I came across Plinky accidentally, like one comes about a good story or a true love. In fact, in the pursuit of ruining the Internet (which I do daily to place food on my table), I found the one thing that might convince me that the web is worth saving. It’s a strange amalgamation of democracy and communism: everyone answers their own opinions to a daily question. Then they build on each other’s works. It’s the most beautiful of all the Internet microcosms: one that could convince me that there is yet a reason to spare this bright blue ball we call earth.

Here are the top three things I love about Plinky:
1) It Is The Swift Hammer Of Thor To Writer’s Block.
The thing that I think I have the hardest time with as a blogger is coming up with the will to write. WordPress is a damn commitment when you really get down to it. I have to write the whole post, edit it, rewrite it, find photos, edit them, upload them and schedule it. That’s not including the time I spend cursing God or hating myself. It honestly takes a few days to fashion a good post (and you’ve seen what I consider a good post around here). In fact, I have a dozen “drafts” that are pretty much done minus photos, formating and the occasional affiliate link (a boy has to eat, right?)
Where Plinky succeeds is that they make everything easy. The idea is to be brief, but they don’t limit you to a certain word count. They give you a daily prompt and you answer it in as few or as many characters as you’d like. My post today was quite lengthy, but I’ve had others that were only one sentence. It’s just free form fast pace prose creation.
I started a Tumblr blog almost 2 years ago to help me do that very same thing. However, in the 20 some-odd months I’ve been part of Tumblr, I’ve only posted 8 times. In a month of being on Plinky, I’ve made seven answers and made friends. Prompts, I’ve found, help me to fire up my creativity. Plinky is like a light jog before a tremendous workout. It get’s the ideas moving and the blood flowing to the fingertips.
2) It’s A Great SEO Tool
Google’s recent Farmer algorithm change vastly affected the way a lot of people are doing their link building. I’m personally not a huge link building fan (though there is obvious value in it) I prefer to build links organically by having my readers link to it. What readers you ask? I’ve got some- I think.
However, adding links to a Plinky post is easy enough and every post I’ve put up has been indexed by google within a day of the post. My most recent answer was indexed in less than an hour. That means that not only do you get the anchor text you want, but it will also be indexed very quickly. Now it’s not a great link, but it is still a link. And if that’s what you need to feel better about your site at the end of the day, then it’s a perfect way to do it.
I’m not a huge believe in this, and I imagine that by saying it’s an “SEO tool,” people will take that to mean it’s a place that they can vandalize with useless text and get anchor text out of. I’m going to ask you to be gentle with Plinky, for the next reason I’m going to list.

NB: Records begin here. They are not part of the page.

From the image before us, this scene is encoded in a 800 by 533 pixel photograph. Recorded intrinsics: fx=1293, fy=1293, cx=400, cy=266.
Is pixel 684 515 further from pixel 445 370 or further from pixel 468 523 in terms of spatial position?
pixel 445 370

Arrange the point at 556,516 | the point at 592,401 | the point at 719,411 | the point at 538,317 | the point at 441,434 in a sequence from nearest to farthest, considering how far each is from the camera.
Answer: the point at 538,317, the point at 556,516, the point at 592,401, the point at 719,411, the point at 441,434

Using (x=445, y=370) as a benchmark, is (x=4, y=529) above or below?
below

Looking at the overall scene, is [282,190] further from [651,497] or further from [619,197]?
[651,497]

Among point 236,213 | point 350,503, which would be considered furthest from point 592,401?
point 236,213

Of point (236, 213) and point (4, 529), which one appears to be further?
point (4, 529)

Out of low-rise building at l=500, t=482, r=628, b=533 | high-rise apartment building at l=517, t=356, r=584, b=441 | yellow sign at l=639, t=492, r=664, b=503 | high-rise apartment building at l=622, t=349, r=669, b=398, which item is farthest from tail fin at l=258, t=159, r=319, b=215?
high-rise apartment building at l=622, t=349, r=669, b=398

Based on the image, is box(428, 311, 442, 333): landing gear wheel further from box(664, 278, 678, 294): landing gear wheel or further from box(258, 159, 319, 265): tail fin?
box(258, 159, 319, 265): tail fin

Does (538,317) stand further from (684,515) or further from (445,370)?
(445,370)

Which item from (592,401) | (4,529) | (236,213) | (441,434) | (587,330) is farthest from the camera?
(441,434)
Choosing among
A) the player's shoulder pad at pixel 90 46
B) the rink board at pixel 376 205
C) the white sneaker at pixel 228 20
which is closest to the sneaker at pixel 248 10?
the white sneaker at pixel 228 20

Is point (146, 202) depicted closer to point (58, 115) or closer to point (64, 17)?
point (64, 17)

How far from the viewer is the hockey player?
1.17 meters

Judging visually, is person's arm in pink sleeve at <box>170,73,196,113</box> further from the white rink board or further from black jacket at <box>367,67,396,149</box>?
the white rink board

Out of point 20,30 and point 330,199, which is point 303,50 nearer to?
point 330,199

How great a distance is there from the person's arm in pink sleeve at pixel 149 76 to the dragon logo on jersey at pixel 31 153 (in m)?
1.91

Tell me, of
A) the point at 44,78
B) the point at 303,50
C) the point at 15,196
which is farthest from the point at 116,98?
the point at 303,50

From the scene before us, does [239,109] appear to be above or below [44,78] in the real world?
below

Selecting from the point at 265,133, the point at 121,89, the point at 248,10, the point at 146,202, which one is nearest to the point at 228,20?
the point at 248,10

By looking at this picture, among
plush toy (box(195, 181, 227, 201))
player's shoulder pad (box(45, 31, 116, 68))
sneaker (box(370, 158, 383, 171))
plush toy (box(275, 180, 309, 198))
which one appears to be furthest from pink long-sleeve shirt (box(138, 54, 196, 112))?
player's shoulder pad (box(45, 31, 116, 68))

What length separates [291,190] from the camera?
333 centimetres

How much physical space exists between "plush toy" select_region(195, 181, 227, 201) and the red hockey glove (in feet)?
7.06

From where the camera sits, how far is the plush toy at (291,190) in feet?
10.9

3) It’s An Unadulterated Realm Of The Internet
Here’s what I mean by that. Facebook used to be this place where only college students could hang out, post photos and stalk cute girls. Now my 85 year old grandfather has a profile. Twitter used to be a free forum for conversation. Now you’ll get spammed any time you mention apple. LinkedIn always sucked.

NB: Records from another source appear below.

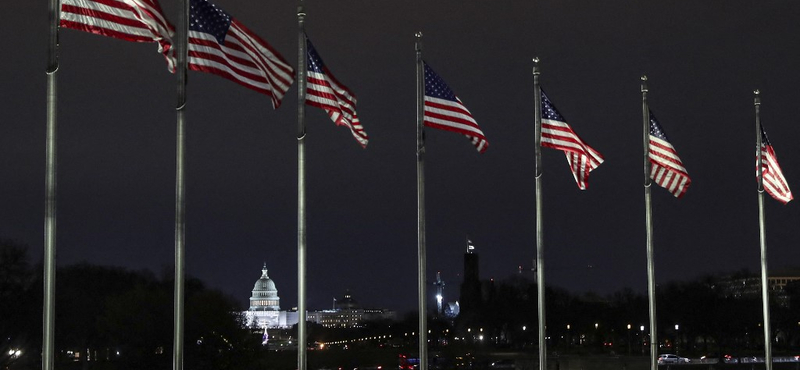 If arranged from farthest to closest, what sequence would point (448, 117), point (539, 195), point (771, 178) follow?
point (771, 178) → point (539, 195) → point (448, 117)

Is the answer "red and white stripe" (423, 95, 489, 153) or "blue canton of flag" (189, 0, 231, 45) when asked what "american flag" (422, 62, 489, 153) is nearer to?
"red and white stripe" (423, 95, 489, 153)

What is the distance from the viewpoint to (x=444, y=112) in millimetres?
31016

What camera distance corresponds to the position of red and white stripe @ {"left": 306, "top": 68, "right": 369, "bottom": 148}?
1128 inches

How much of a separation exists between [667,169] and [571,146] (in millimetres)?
4274

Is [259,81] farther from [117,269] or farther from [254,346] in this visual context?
[117,269]

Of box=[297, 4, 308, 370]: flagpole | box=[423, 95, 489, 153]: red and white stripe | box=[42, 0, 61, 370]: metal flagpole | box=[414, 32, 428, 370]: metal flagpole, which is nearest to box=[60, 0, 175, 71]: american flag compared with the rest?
box=[42, 0, 61, 370]: metal flagpole

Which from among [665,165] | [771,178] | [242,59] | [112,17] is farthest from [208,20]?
[771,178]

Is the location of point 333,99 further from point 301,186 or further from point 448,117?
point 448,117

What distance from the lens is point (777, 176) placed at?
40.7 metres

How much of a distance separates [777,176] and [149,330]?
53.4 metres

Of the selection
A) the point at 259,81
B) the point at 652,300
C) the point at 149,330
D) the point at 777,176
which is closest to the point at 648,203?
the point at 652,300

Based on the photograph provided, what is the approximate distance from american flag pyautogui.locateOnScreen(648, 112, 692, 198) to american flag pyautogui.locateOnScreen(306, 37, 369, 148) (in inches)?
463

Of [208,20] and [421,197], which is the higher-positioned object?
[208,20]

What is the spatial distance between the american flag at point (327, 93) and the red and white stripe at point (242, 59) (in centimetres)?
209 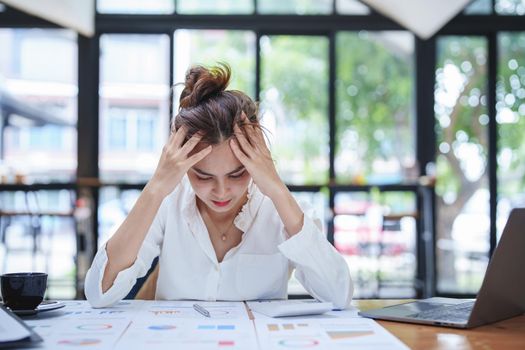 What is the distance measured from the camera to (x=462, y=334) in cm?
111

There are very few places left on the internet that are free of the spam and wasted space of most modern social networks. Remember when everyone had a MySpace page? Then what happened- The only people who wanted add you were amateur porn stars and people with terrible bands. But that place exists again, and it’s called Plinky.
I haven’t been bugged by anyone offering me a free iPad 2. People are actually just reading my answers and leaving responses. It’s like being heard again. It’s nice. I know that I just listed it as an untapped SEO resource, but hear me out on this. It shouldn’t be ransacked and brutalized by SEOs desperate to get a link. They only ask for a short answer to a prompt, and there’s no reason you can provide a quality answer to the question and get a link in the process.
The Bottom Line
Plinky is a new favorite site, and this week’s winner of the Magnetic Oreo Award. I encourage anyone who fancies themselves a writer to use it often to do some metaphorical stretching before writing.